A cyclone affected the western and central Mediterranean, with a minimum MSLP around 990 hPa in the Gulf of Lions, causing strong southerly winds to blow over the Adriatic. In Venice wind mostly blew from the first quadrant, but it veered to the south-south-west near the surge peak, with a gust speed over 25 m s−1; in the meantime the MSLP dropped to 990 hPa.

The water height reached 147 cm; at that time it represented the second-highest value ever recorded, the first having been observed on 15 January 1867 (see above). The water height peak occurred about 2 h after the astronomical tide maximum. The meteorological surge contribution was about 91 cm.

A3 12 November 1951

From 10 to 12 November 1951 a deep cyclone formed in the Ligurian Sea, where MSLP dropped from 1008 to 984 hPa. In the Ionian Sea and the Balkans MSLP was higher than 1012 hPa, and the strong MSLP gradient induced strong southerly winds over the Adriatic Sea, up to over 20 m s−1 in Venice. As a result, the water height in Venice increased because of both the wind-induced surge and the local inverse barometer effect. Luckily, the surge peak occurred at the astronomical tide minimum. If it had occurred at the next high tide, 5 h later, the observed water height would have been about 65 cm higher. The water height peak was 151 cm, and it exceeded the official danger level of 110 cm for about 9 h. The meteorological surge peak attained 86 cm.

A4 4 November 1966

On 3 and 4 November 1966 the MSLP field over the Mediterranean was characterized by a cyclone to the west and an anticyclone to the east. The cyclone centre deepened and slowly moved from the north-western Mediterranean to north-eastern Italy, while the zonal MSLP gradient increased over the Adriatic. As a consequence, strong and persisting southerly wind affected the Adriatic Sea. In Venice, the sirocco speed reached 20 m s−1, with gusts up to 28 m s−1, and the MSLP dropped to 992 hPa.

The water height of 194 cm and the meteorological surge height of 143 cm are the highest values in the whole instrumental record. The water height remained over 110 cm for 22 h. Economic losses for the city of about EUR 400 million have been estimated.

Note that two elements limited the water height peak, namely the fact that the astronomical tide was negative, though near zero, at the time of the maximum surge and that in those days the moon phase was close to the last quarter, making the astronomical tide amplitude relatively small, around 30 cm.

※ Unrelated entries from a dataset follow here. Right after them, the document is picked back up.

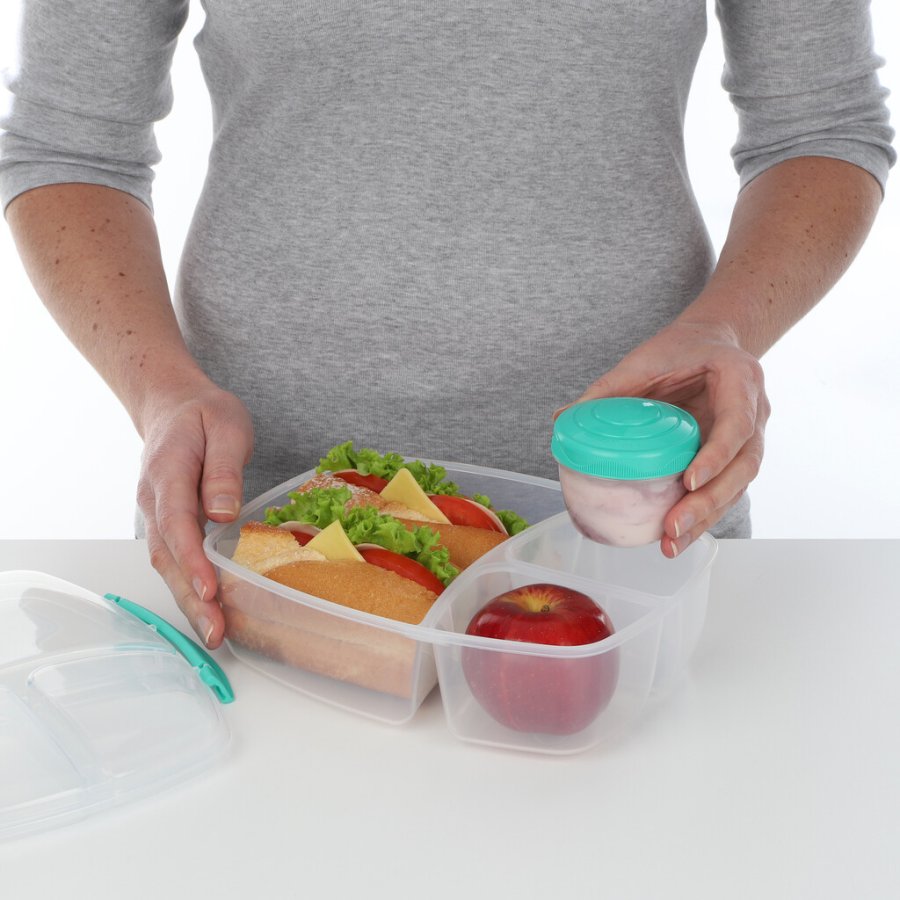 Sistema Triple Split Lunchbox mit Joghurtbecher 2 L, Minty Teal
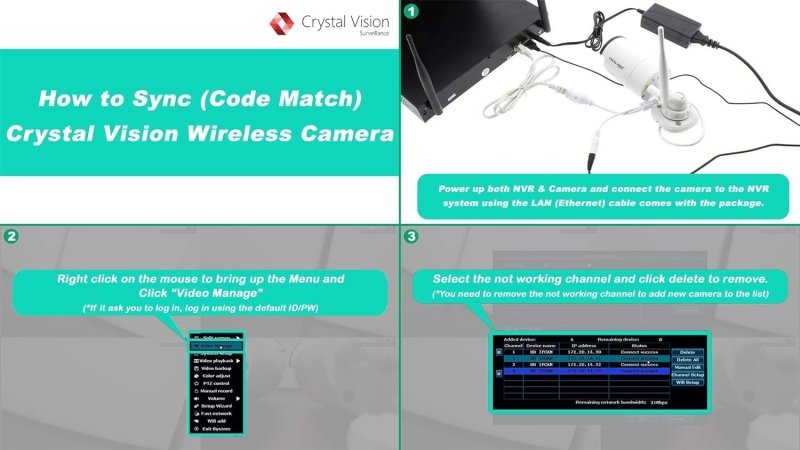 Crystal Vision CVT - 3010W 720P Wireless Replacement Camera (Ethernet Type) for CVT9604E/CVT9608E - variant_title - Add - on Camera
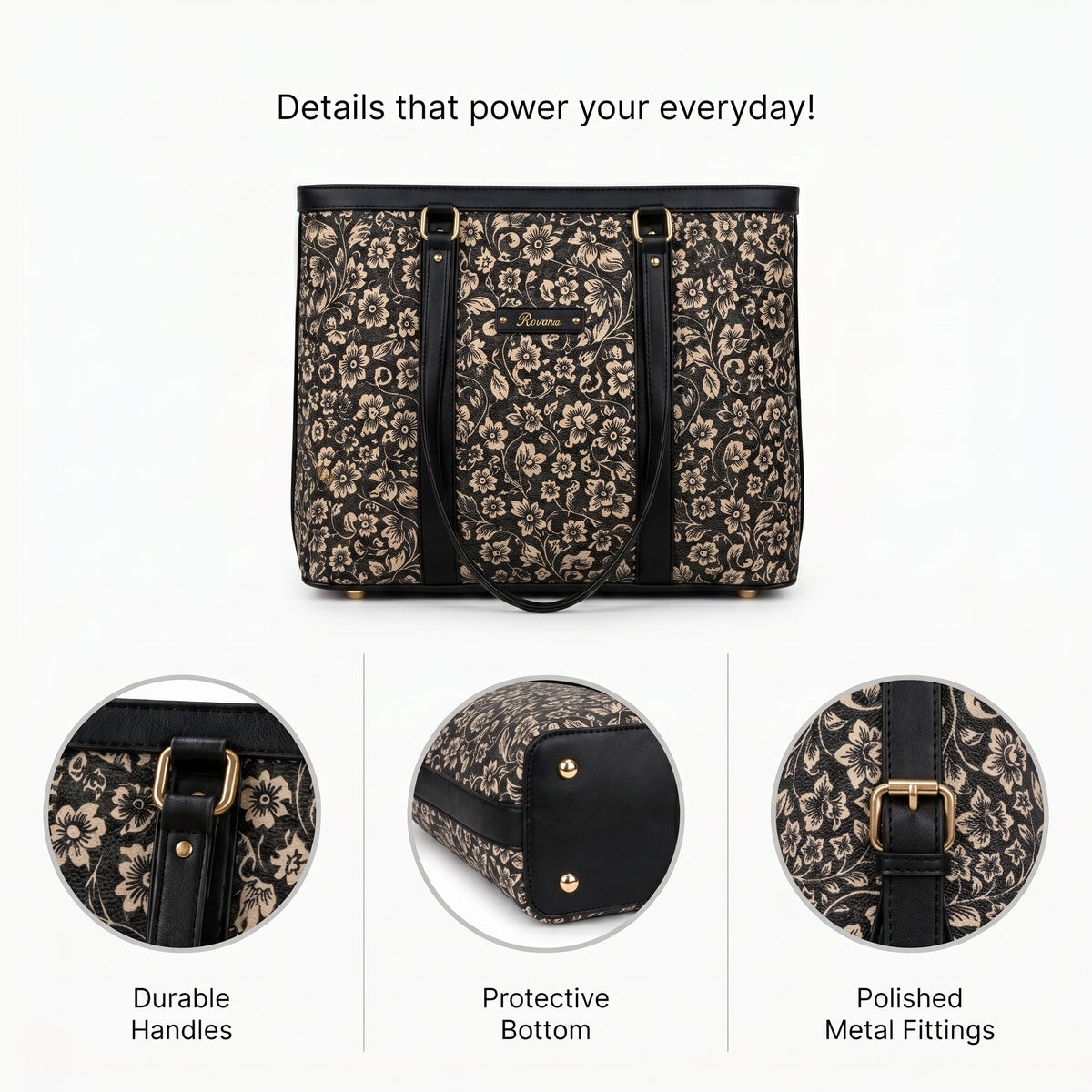 Ravora Black Bloom Tote
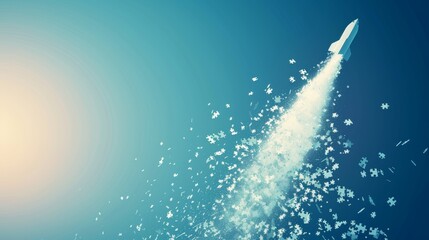 Fototapeta premium A minimalistic yet captivating image of a rocket soaring into space, leaving a trail of scattered puzzle pieces. The concept conveys creativity, innovation, and the process of solving complex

Had the surge peak occurred 5 h earlier, the water height would have attained about 220 cm.

A5 22 December 1979

This event was connected with a cyclone whose minimum was less than 990 hPa that moved on 21 and 22 December 1979 from the Algerian coast to the Gulf of Genoa. The combination with higher MSLP over the Balkans enabled southerly wind to blow over the central and southern Adriatic, with gusts up to 20 m s−1, while in the northern Adriatic, bora prevailed with gusts over 20 m s−1. The local MSLP was not particularly low (1001 hPa); thus the surge was almost entirely attributed to wind.

The meteorological surge peak reached 106 cm and came 3 h before the astronomical tide maximum: nevertheless, the water height was remarkably high, namely 166 cm, which represents the third-highest observed value. A water height higher than 110 cm lasted for 7 h.

A6 1 February 1986

The synoptic situation consisted of a cyclone over the western Mediterranean, this time centred in the Gulf of Lions and an anticyclone over eastern and northern Europe. A southerly wind flow affected the whole central Mediterranean, including the Adriatic Sea, but a bora component was present over the northern Adriatic. Southerly wind was particularly strong in the southern Adriatic (almost 30 m s−1 gusts in Bari), while in Venice, bora gusts were faster than 20 m s−1.

This event is characterized by the fourth-highest water height ever measured in Venice, that is 159 cm. The event severity was the result of a moderate meteorological surge of 70 cm that occurred just 1 h after a 35 cm astronomical tide maximum and close to the peak of a large seiche.

A7 6 November 2000

This event was caused by the combined effect of a large cyclone affecting the whole of western Europe and an anticyclone over eastern Europe. The lowest MSLP was observed in the English Channel, with values lower than 970 hPa. The eastward movement of the cyclone caused the whole Adriatic to experience a remarkable MSLP decrease in the 24 h preceding the surge, up to a 27 hPa drop in Venice.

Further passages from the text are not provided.